Content starts

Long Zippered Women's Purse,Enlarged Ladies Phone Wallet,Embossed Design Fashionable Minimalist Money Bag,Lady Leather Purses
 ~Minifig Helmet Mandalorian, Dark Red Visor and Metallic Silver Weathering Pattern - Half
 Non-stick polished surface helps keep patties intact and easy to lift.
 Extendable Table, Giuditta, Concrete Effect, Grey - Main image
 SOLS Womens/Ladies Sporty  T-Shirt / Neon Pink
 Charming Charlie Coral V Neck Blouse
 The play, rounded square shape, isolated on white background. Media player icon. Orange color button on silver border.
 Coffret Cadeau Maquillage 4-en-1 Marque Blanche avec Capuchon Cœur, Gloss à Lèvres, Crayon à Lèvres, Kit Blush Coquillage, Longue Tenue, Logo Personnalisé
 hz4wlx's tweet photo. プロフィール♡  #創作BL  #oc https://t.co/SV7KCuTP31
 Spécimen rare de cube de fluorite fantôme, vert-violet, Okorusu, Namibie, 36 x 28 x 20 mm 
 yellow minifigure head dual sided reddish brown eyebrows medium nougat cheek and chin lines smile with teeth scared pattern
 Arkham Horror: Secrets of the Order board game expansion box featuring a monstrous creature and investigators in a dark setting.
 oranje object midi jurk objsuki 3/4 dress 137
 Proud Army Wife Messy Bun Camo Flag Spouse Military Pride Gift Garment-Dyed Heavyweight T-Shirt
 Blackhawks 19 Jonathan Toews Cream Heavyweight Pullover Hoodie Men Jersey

Content ends

Assigned task> Give back only the lines from the one containing "yellow minifigure head" through the final line of the entries above, exactly as written, both included.

Worked solution>
 yellow minifigure head dual sided reddish brown eyebrows medium nougat cheek and chin lines smile with teeth scared pattern
 Arkham Horror: Secrets of the Order board game expansion box featuring a monstrous creature and investigators in a dark setting.
 oranje object midi jurk objsuki 3/4 dress 137
 Proud Army Wife Messy Bun Camo Flag Spouse Military Pride Gift Garment-Dyed Heavyweight T-Shirt
 Blackhawks 19 Jonathan Toews Cream Heavyweight Pullover Hoodie Men Jersey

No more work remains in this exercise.